Traditional antivirus and antimalware solutions work to prevent viruses and other kinds of malicious software (also known as malware) by comparing files against a database of known threats to determine whether or not they’re dangerous. The accuracy of this signature-based detection depends on how frequently that company updates its database with new threats—and how frequently the user updates their antimalware software definitions. This method also fails against zero-day exploits, advanced persistent threats, and novel malware that hasn’t been seen before.

Antimalware solutions using neural networks avoid this problem in a couple of interesting ways. First, you can use ANNs to monitor systems and networks to detect any anomalous behavior that could indicate a malware infection or breach. Second, neural networks can learn from past infections (or from threat signature databases) and extrapolate how new malware may behave. Remember, one of the key features of ANNs is their ability to learn and apply past experiences to new situations, giving them a distinct advantage over signature-based antimalware systems.

Spam and Phishing Detection

Spam and phishing filters are another signature-based security method that can be improved upon using neural networks. Typically, spam filters work by assessing emails and attachments based on factors like metadata, IP addresses, common keywords, file types, and links. Spam filters compare your email to a database of known spam and phishing emails to determine how likely that message is to be spam. We’re all familiar with the disadvantages of spam filters—the rate of false positives is relatively high, and plenty of spam and phishing emails still make it through most filters.

Artificial neural networks can use natural language processing (NLP) to analyze the content of an email message. This means instead of scanning an email to look for specific spam-related keywords, an ANN spam filter actually reads the message and analyzes its meaning to determine whether or not it seems suspicious. This technology also adapts to individual users and their email communication habits and preferences. For example, if you’re a native English speaker, then an email written in another language and coming from a foreign IP address will most likely be a spam or phishing attempt. However, your colleague from east Asia may frequently send and receive legitimate emails like this. ANN spam filters are able to tell the difference both by reading the message itself and by applying knowledge of your past behaviors and activities.

Disadvantages of Using Neural Networks for Data Security

While ANN data security methods show a lot of promise, there are still some issues to be aware of if you’re considering implementing them in your environment. For one thing, you need to be very careful when training your neural network to avoid biasing your model. Essentially, through the simulations and feedback you provide your ANN during the learning stage, you could unintentionally teach it to produce the results you want to receive, rather than results that are accurate.
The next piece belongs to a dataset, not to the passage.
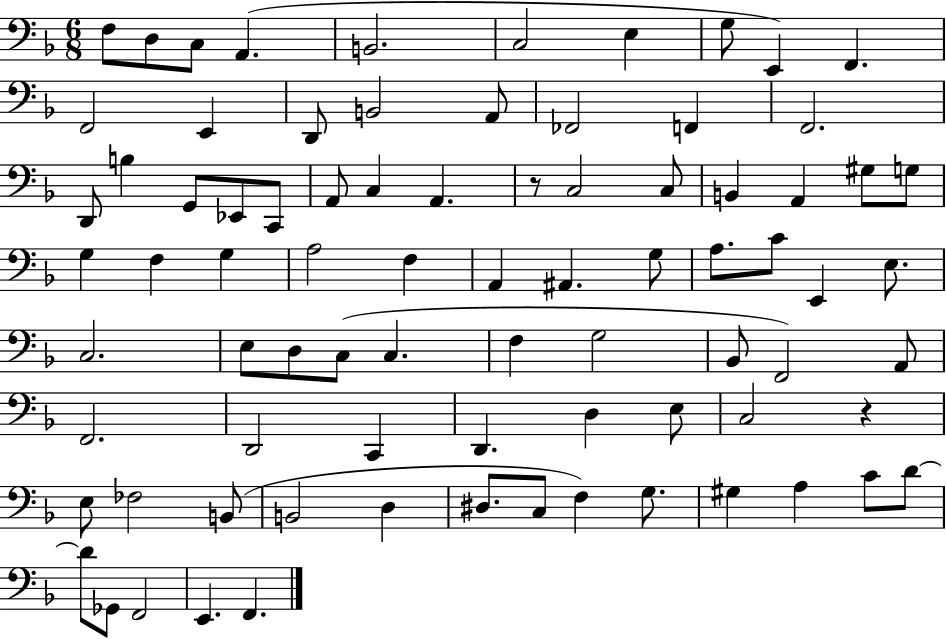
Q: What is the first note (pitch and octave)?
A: F3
Before you spin up a neural network and begin the training process, you need to fully understand the nature of your data and be mindful of how you define feature sets so you can ensure that your ANN works the way you intend it to.
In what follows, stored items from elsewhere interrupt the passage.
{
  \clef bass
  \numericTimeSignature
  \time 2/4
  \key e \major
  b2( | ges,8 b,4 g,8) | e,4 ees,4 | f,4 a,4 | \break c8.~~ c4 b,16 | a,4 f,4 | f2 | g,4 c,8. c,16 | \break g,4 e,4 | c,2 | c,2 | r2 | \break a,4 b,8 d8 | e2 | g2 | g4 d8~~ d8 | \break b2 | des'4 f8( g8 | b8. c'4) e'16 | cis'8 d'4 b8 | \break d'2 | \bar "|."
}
Another issue with neural networks is referred to as the “black box” problem. Basically, once your ANN starts producing results, it can be very difficult, if not impossible, to determine how it arrived at those results. The algorithms used in advanced machine learning become so complex that even the engineers that create them don’t fully understand how they work or why they behave in certain ways. Researchers have been working on something called “explainable AI” that seeks to explain how neural network algorithms arrive at decisions and conclusions without needing to break open and reverse-engineer the ANN, so it’s possible this issue will be resolved in the future. In the meantime, however, you may not want to invest in a neural network for your data security if you need or want complete control and visibility in your environment.